═══ Entries shown ═══
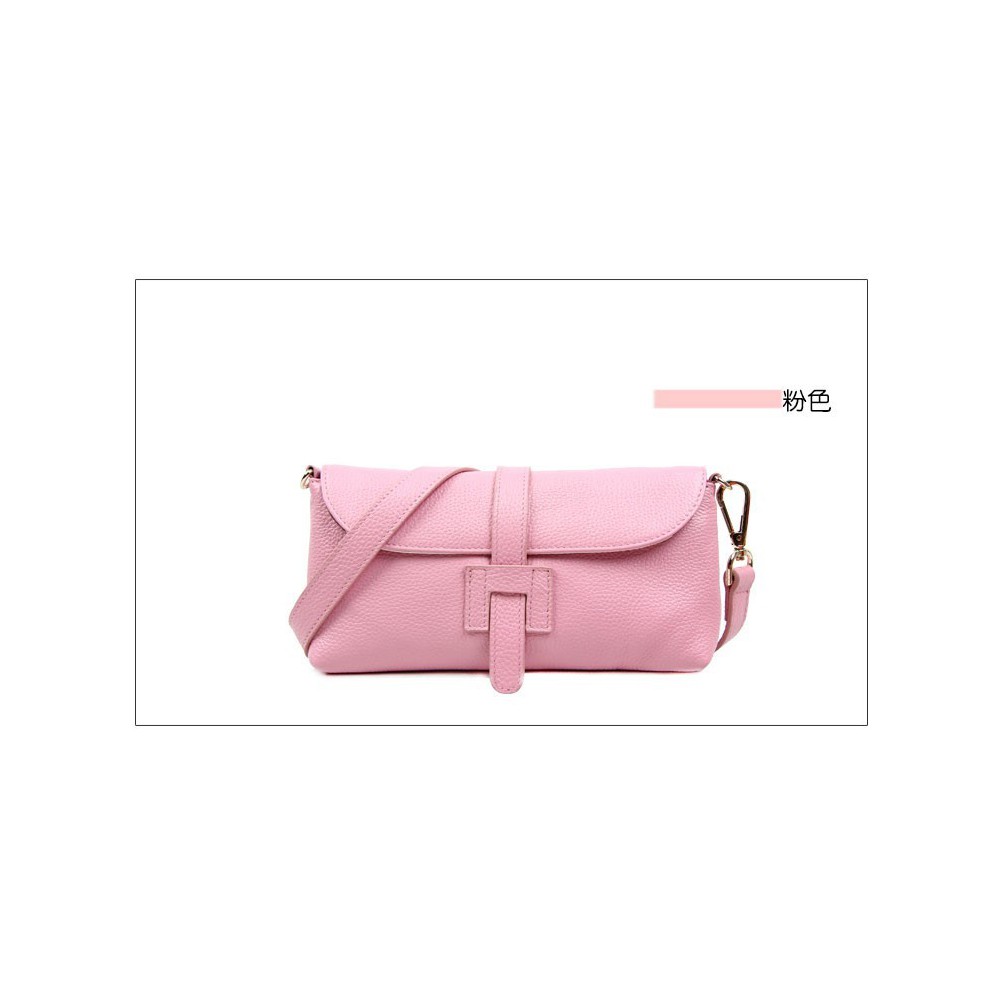Yohanna Genuine Leather Shoulder Bag Pink 75286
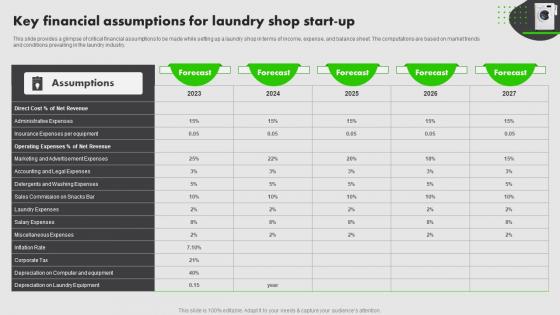 On Demand Laundry Business Plan Key Financial Assumptions For Laundry Shop Start Up BP SS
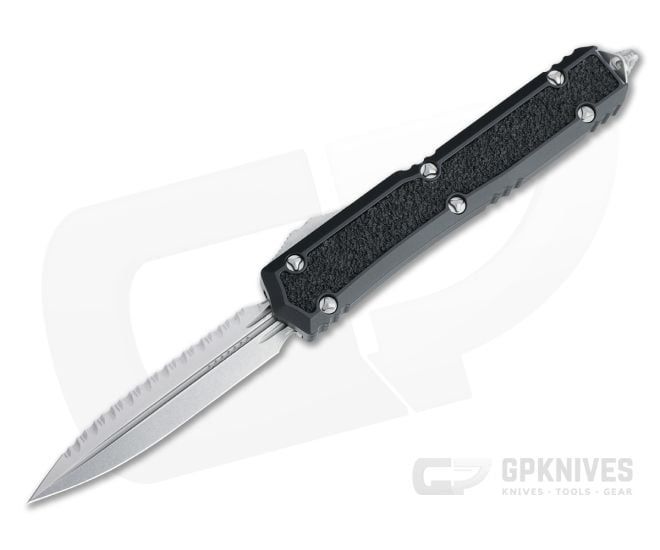 Microtech Makora D/E Signature Stonewashed Double Edge Full Serrated Traction Inlay Black OTF Automatic 206-12S - MT-206-12S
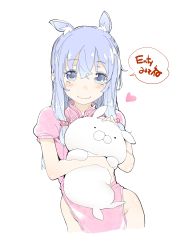 Rule 34 | 1girl, absurdres, animal ears, blue eyes, blue hair, china dress, chinese clothes, closed mouth, contrapposto, copyright request, cowboy shot, dress, hair bobbles, hair ornament, heart, highres, holding, holding stuffed toy, long hair, looking at viewer, mochi (circle rin), pink dress, puffy short sleeves, puffy sleeves, short sleeves, sidelocks, simple background, smile, solo, stuffed animal, stuffed toy, white background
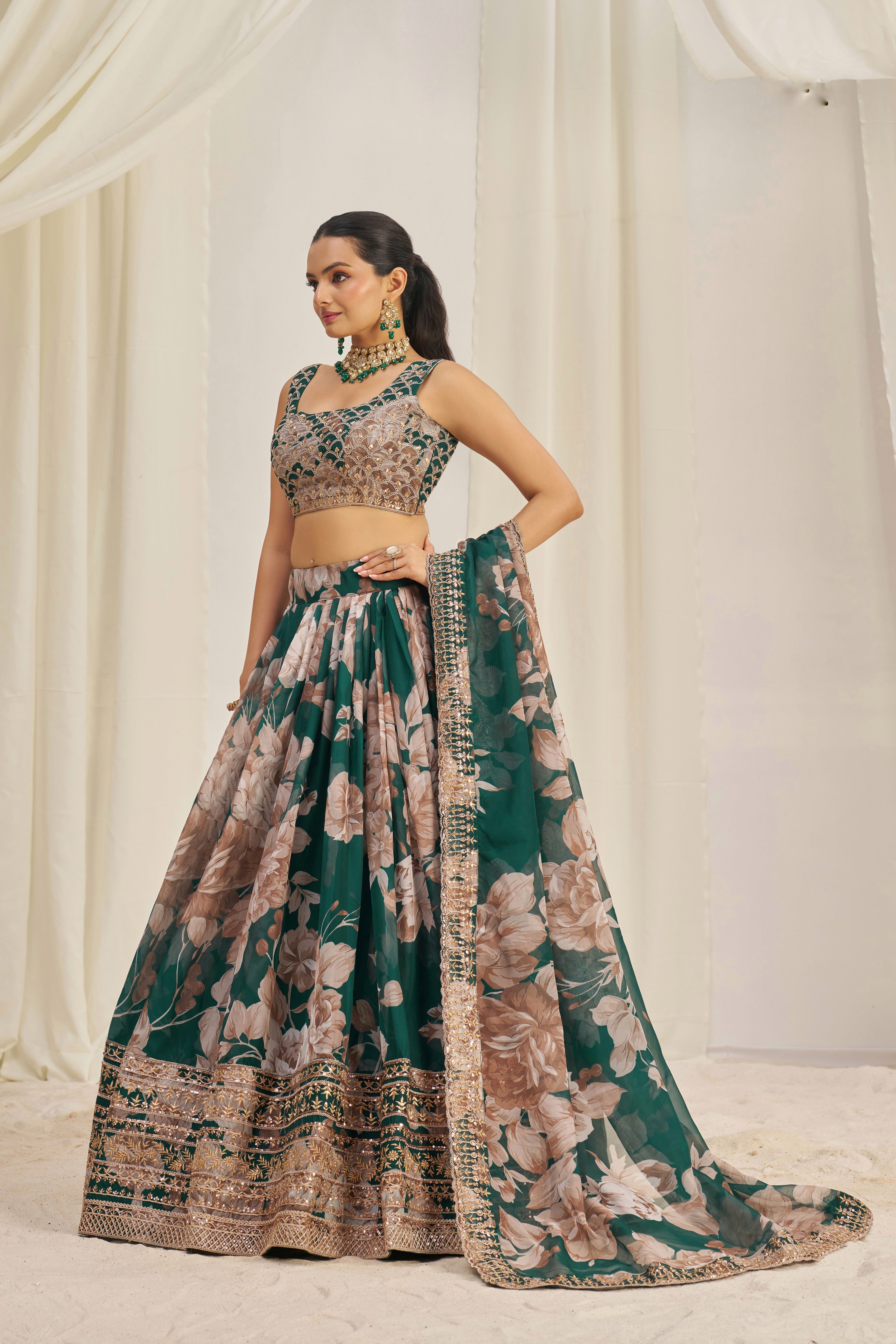 Stunning Floral Printed Sequins Embroidered Organza Lehenga Set - ETHNICDEAL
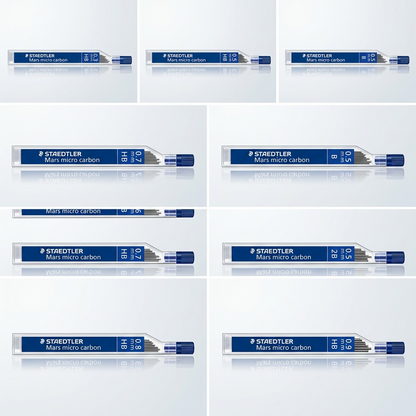 A 3x2 grid showing the STAEDTLER Mars micro carbon lead tubes in six variations: 0.3mm (HB), 0.5mm (HB, B), 0.7mm (HB), and 0.9mm (HB) in light, clean cases.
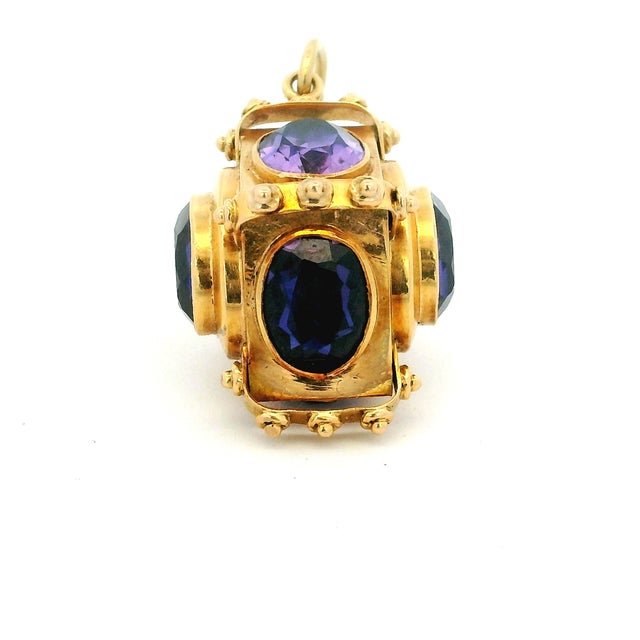Vintage 18k Gold Rotating Amethyst Cube Charm Pendant For Sale - Image 9 of 11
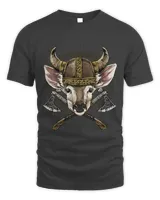 Viking Deer with Viking Helmet Mjolnir Axes 246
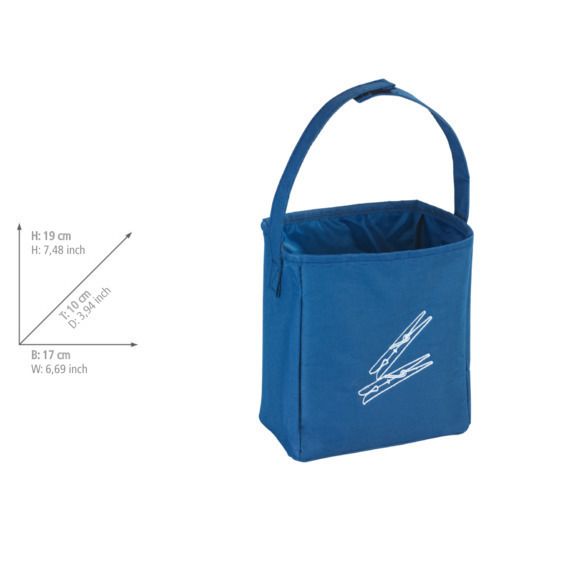 WENKO Wasknijperzak Blauw - Polyester - Met Klittenband en Schouderfunctie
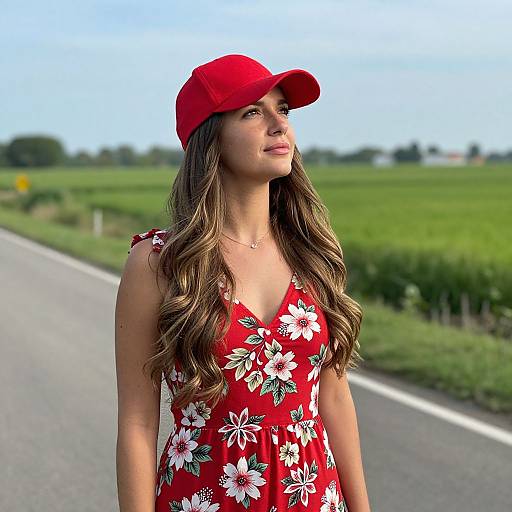 Photograph of a young woman with long, wavy brown hair, wearing a red floral dress and red cap, standing on a rural road with lush
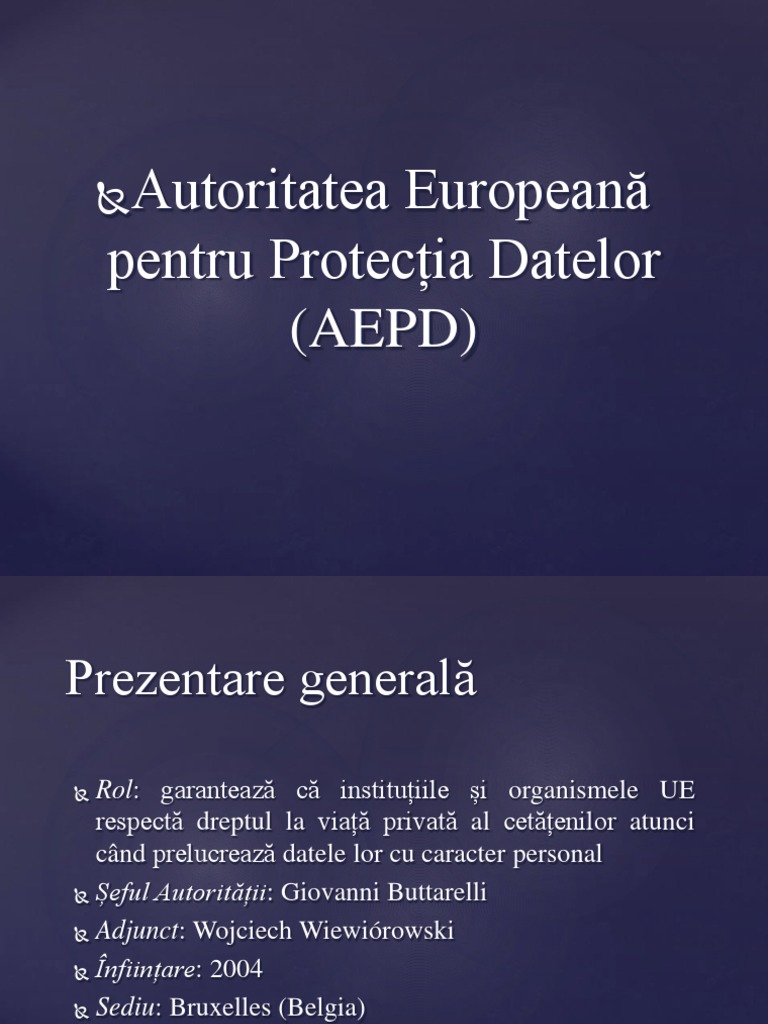 Dogaru Alexandru Autoritatea Europeana Pentru Protectia Datelor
═══
Description of the task —
Your copy should hold exactly and only the lines from the one containing "Stunning Floral Printed" through the end of the material, inclusive, repeated word for word and without pictures.

Solution below —
 Stunning Floral Printed Sequins Embroidered Organza Lehenga Set - ETHNICDEAL
 A 3x2 grid showing the STAEDTLER Mars micro carbon lead tubes in six variations: 0.3mm (HB), 0.5mm (HB, B), 0.7mm (HB), and 0.9mm (HB) in light, clean cases.
Vintage 18k Gold Rotating Amethyst Cube Charm Pendant For Sale - Image 9 of 11
 Viking Deer with Viking Helmet Mjolnir Axes 246
 WENKO Wasknijperzak Blauw - Polyester - Met Klittenband en Schouderfunctie
 Photograph of a young woman with long, wavy brown hair, wearing a red floral dress and red cap, standing on a rural road with lush
 Dogaru Alexandru Autoritatea Europeana Pentru Protectia Datelor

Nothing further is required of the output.